3. Start by sweeping up in the center, and then out in V shapes on either side. Pretend that there’s an imaginary line running up the middle that you’re creating the V shapes off of. This will later become the shaft of the feather.

4. Using less water and more paint, make some wispy lines so that it doesn’t look like a blob. You’ll do this technique on all parts of the feather.

Amy_image3

I like to use two or three colors on my feathers. In this example, this is where I will lay down my second color. Keep making V shapes from the imaginary center line.

Amy_image4

Repeat the above steps with the third color. When you’re finished, make a few little lines that V away from the feather.

Amy_image5

I use a very watered down grey to create the shaft of the feather. What I do is sweep down, slightly curved at the base of the feather and make the shaft thicker towards the top, and narrower at the bottom. I then sweep a line up through the center of the feather to finish it off.

Amy_image6

Wait for the paint to thoroughly dry, and then add some embroidered text. I like to stain my hoops, and I often paint stripes of paint onto the hoop that coordinate with the piece. I then scruff the hoop up with sand paper to give it a vintage look.

Amy_image7

You can also use this same technique on an iron on pattern or a pattern you draw or trace on the fabric. I used this fun iron on from Sublime Stitching to show you how it’s a little bit different.

Amy_image8

When using this type of pattern, you want to make sure you try to stay within the lines. If you have any spots like I do within the horseshoe where I want to put French knots, try not to paint over them. It makes it easier to see those spots when it’s time to embroider.

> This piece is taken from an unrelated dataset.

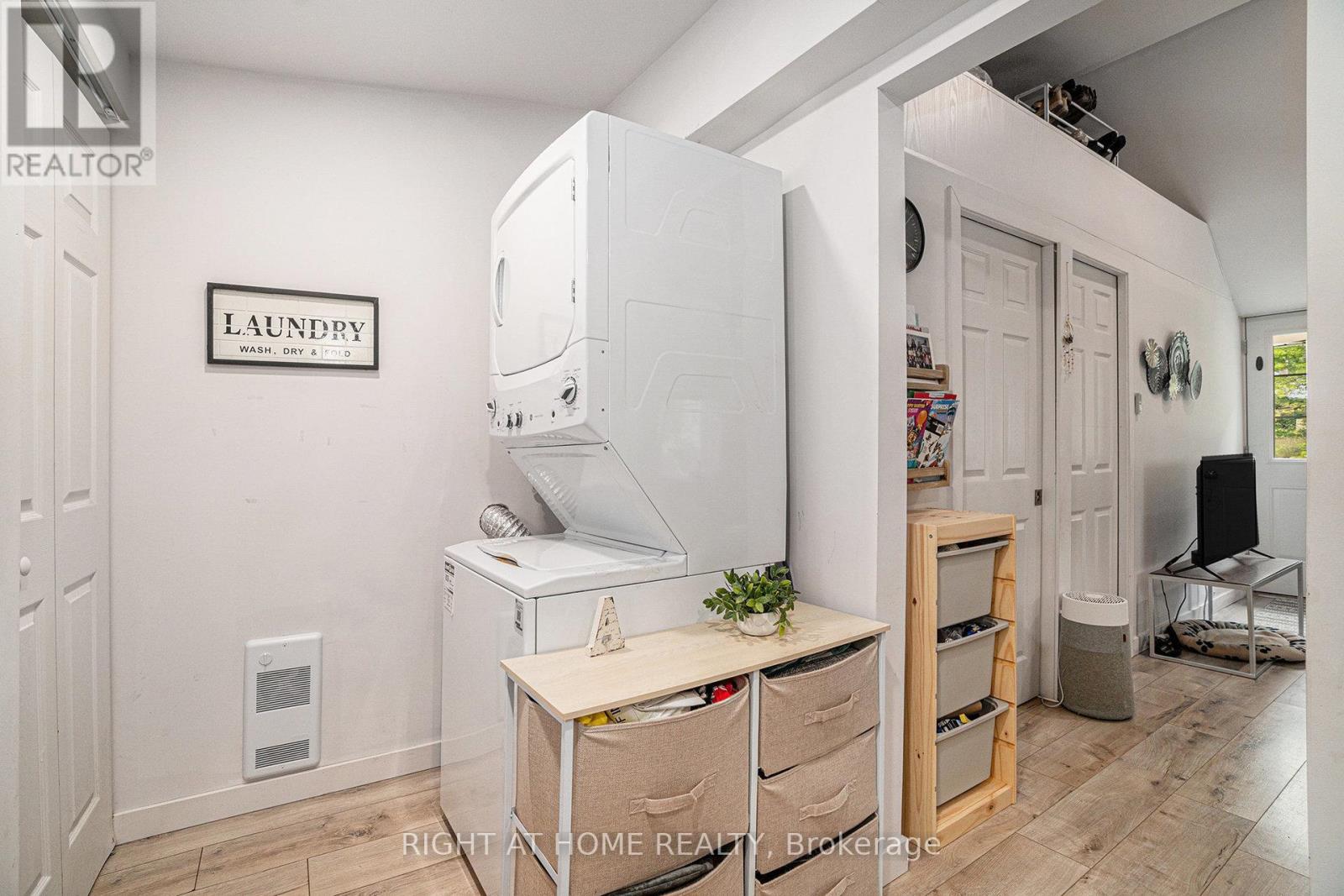 15 Willis James Lane, Mcnab/Braeside, ON - Indoor Photo Showing Laundry Room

Make sure the paint is completely dry before adding the embroidery to the rest of the design. On this hoop I used paint to color block the hoop, and then permanently mounted the piece to it.

Amy_image9

In addition to adding focal elements (like the feather) or painting in patterns, it’s also fun to completely cover the fabric within the hoop in paint, like I’ve done on this work in progress below.

I used several shades of blue and green to create the sky and hillside, and the white paint in the palette I use created the clouds, which I added after laying down the blues. I’ll add more French knot flowers to the hillside to cover it in flowers, and some fuzzy specialty floss to the clouds to create even more dimension.

Amy_image10

I hope that this has inspired you to try out combining watercolor paints with your embroidery. It’s a different kind of technique, and it’s one that’s a lot of fun. I like to add watercolor to my embroidery as a way of giving the finished pieces more depth and dimension without using a filling stitch.